Takriben iki seneden beri haftalık aralıklarla işgal ettiğim bu sütuna veda ediyorum ve belki de ilk defa neler düşündüğümü ifadeye çalışırken kelimelere eziyet edip etmediğimden dolayı endişeye kapılıyorum. Nejat Muallimoğlu'nun "Politikada Nükte" isimli kitabında rastladığım bir anekdot bu ahvalimi pek güzel tasvir ediyor: Meslek hayatı parlak başarılarla dolu meşhur bir hakim günün birinde emekliye ayrılır ve vaktini, üst raflarına ancak merdivenle çıkılabilen muhteşem kütüphanesinde geçirmeye başlar. Bir gün merdivenle üst raflardan kitap indirmeye çalışırken dengesini kaybedip yere düşer ve raflardaki o ağır hukuk kitapları da üzerine devrilir. Hakim, düştüğü yerde ağrıyan yerlerini ovuşturup kahırla gülümseyerek şöyle söylenir;

  • Bana müstahaktır; yıllarca ben kanunları çiğnedim, şimdi de onlar beni çiğneyerek intikam alıyorlar!

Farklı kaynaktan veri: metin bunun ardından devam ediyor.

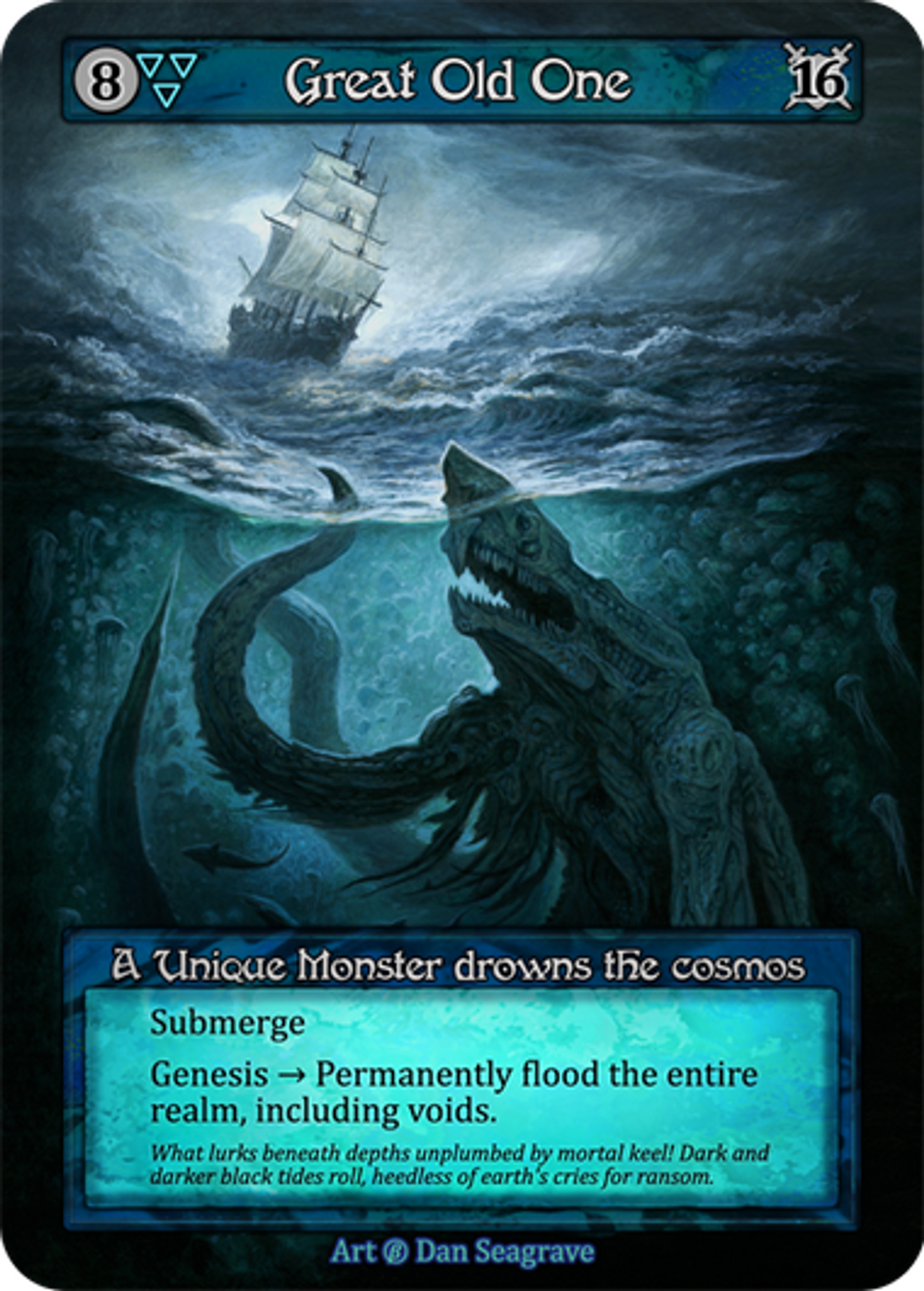Great Old One — Beta — Sorcery: Contested Realms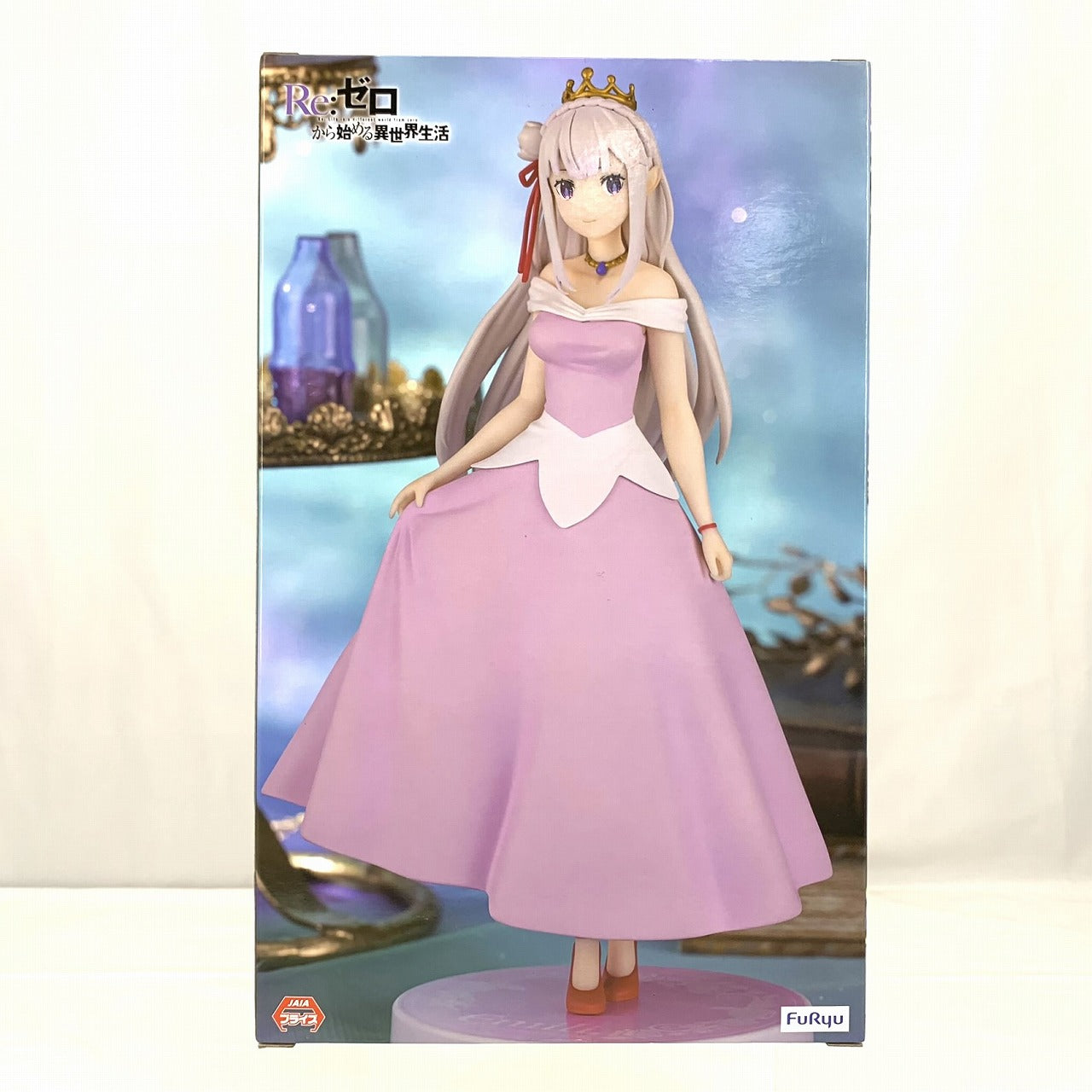 Furyu [Re:ZERO -Starting Life in Another World-] SSS Figure -Fairy Tale Series･emilia･Sleeping Beauty- ROUND1  limited Another color ver., Action & Toy Figures, animota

Evvela samimiyetle belirtmek gerekir ki bu zaruri ayrılığın ardında hiçbir nahoş gerekçe bulunmuyor; Zaman Gazetesi ve camiası içinde muhatap olduğum kişilerden bugüne kadar dostluk, anlayış, hüsnüniyet ve muhabbet gördüm; yazar-gazete ilişkisini zedeleyebilecek hiçbir tatsızlıkla karşılaşmadım. Bu bakımdan Zaman ailesine şükran borcum var ve bu borcu alenen itiraf etmekten zevk duyuyorum; ben "Zaman"dan razı oldum. Buna mukabil ben de Zaman'a karşı vecibelerimi yerine getirmekte büyük bir kusur göstermediğim zannındayım; muradım odur ki "Zaman" da benden razı olur.

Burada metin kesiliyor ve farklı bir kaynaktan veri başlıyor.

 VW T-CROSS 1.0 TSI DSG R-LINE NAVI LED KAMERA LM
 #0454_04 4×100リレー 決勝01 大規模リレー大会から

Yaklaşık çeyrek asırdan beri yazıp çiziyorum; bu müddet zarfında "okuyucu" denilen o mevhum kitle, benim için ilk defa Zaman yazıları münasebetiyle bir mefhum haline geldi ve kuvveden fiile geçti; okuyuculardan çok güzel mektuplar aldım ve adres yazmayı unutanlar hariç olmak üzere hepsine iki satırla da olsun "elyazısı ile" cevap vermekte titizlik gösterdim. Bu tecrübe benim için çok kıymetli ve öğretici idi; "Zaman ailesi" kavramı içinde okuyucuların da bulunduğu açıktır; ama şuracıkta okuyuculardan da razı olduğumu tam bir itminan ile beyan etmek istiyorum. Bazı kereler okuyuculardan bir kısmını üzecek şeyler yazmış olabilirim; ama öyle sanıyorum ki bu ihtilaf, okuyucu ile yazar arasındaki samimiyet ve anlayış mesafesini kesintiye uğratacak bir görüntü arz etmedi; bir içtihat farklılığı olarak kalabildi. Yazarın okuyucuları tanıması bakımından okuyucu mektuplarının ne kadar öğretici olduğunu bu vesile ile öğrendim; her hafta herkese bir şeyler öğreten ve hiç bilinmeyen şeylerden bahseden bir yazar tipi aslında mevcut değildir; ama bu zehaba kapılan oldukça fazla sayıda yazarın varlığından söz edebiliriz; bu hataya düşmemek yolundaki dikkatlerimi okuyucu mektupları tertipledi; Zaman'daki yazı tecrübemden çok şeyler kazandım ve bana mektup yazmış olsun olmasın bu sütunu ciddiyet atfederek takip eden her okuyucunun üzerimde hakkı vardır.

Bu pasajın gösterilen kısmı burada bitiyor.